Grand Beach is a village in Berrien County of the U.S. state of Michigan. The population was 272 at the 2010 census. The village is within New Buffalo Township on the shore of Lake Michigan near to the Michigan-Indiana border.
Grand Beach was founded by the Grand Beach Company around 1903. It was conceived of partially as a short-stay resort. People would take the Michigan Central Railroad to Grand Beach station, rent small cottages for a day or two, eat in the dining hall (located at the corner of Lakeview and Whitewood), and enjoy bathing and golfing. The town was incorporated in 1934 to allow property owners to retain more control.
Its lakeshore beach has always been important to Grand Beach. An entertainment pier was built out into Lake Michigan and offered dining and dancing in the 1920s. The pier has long since disappeared, though its supporting posts are sometimes visible when the lake levels are low. The Golfmore Hotel was built as a luxury hotel just across the creek in Michiana Shores, Indiana. A footbridge over the creek linked the hotel to the pier area. The hotel was an important part of the social life of the beach in the 1920s, even in the winter when it hosted ski jumping events. The hotel burned down on November 19, 1939.

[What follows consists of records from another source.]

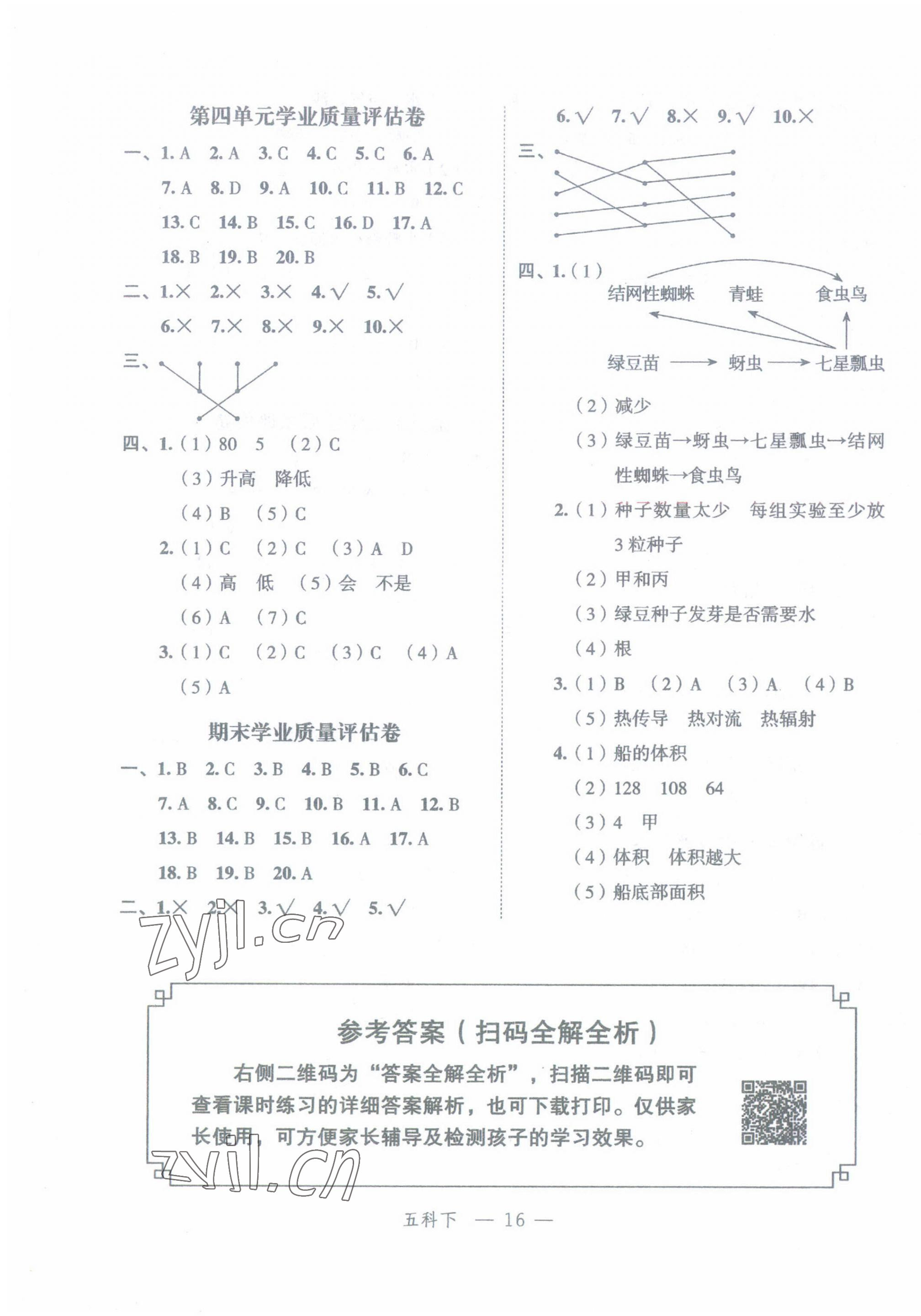 2023年名師面對(duì)面先學(xué)后練五年級(jí)科學(xué)下冊(cè)教科版 參考答案第7頁(yè)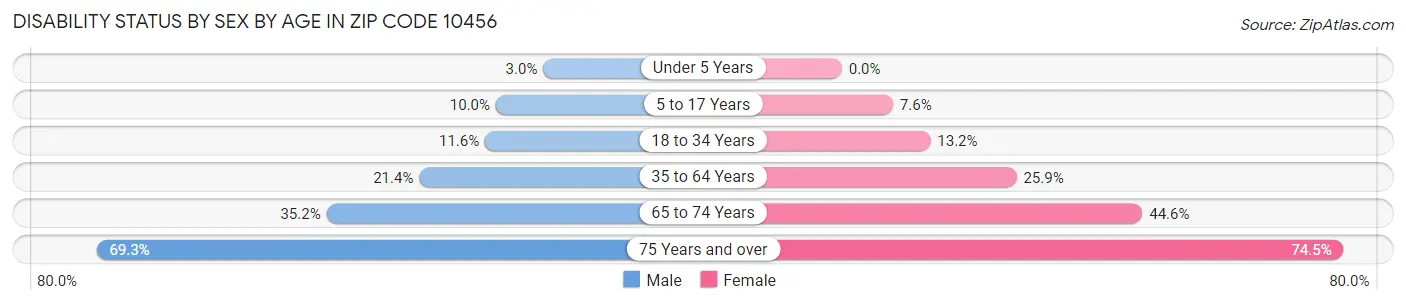 Disability Status by Sex by Age in Zip Code 10456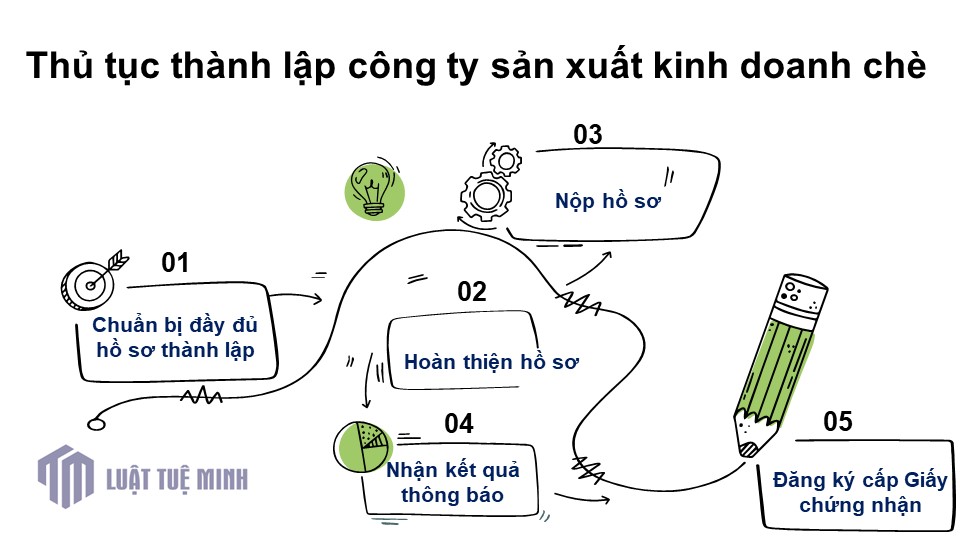 Thủ tục <a href=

The public golf course has been an integral part of village life at Grand Beach since its establishment. At one time there were 27 holes, but for many decades the course has been a 9-hole course that runs from the club house down to the village gate and back. In the 1950s the village hall moved from the old dining hall structure on the lake to the newly built golf club house / community center.
Lake levels have had an impact on the focus of village social activities. In the early 1950s and during much of the 1970s lake levels were high and beach frontage minimal. From the mid-80s the beach has been wider and more people have thus been able to enjoy it.
Three Frank Lloyd Wright homes were built in Grand Beach. One of them, the Ernest Vosburgh Summer House (built in 1916) on Ravine Road near Crescent and Royal, still retains much of its original design.
The 1950s brought relative decline as all of Southwest Michigan was bypassed by Chicagoans in favor of more exotic resorts. However, beginning in the 1980s Grand Beach and nearby New Buffalo has undergone a renaissance as a charming, unpretentious, yet accessible resort area. The former Forest Beach YWCA camp was developed as a gated community with multi-million dollar homes, thus giving the area a slightly more upscale image.
In recent decades Grand Beach has probably been most famous because of its association with Chicago's Daley family.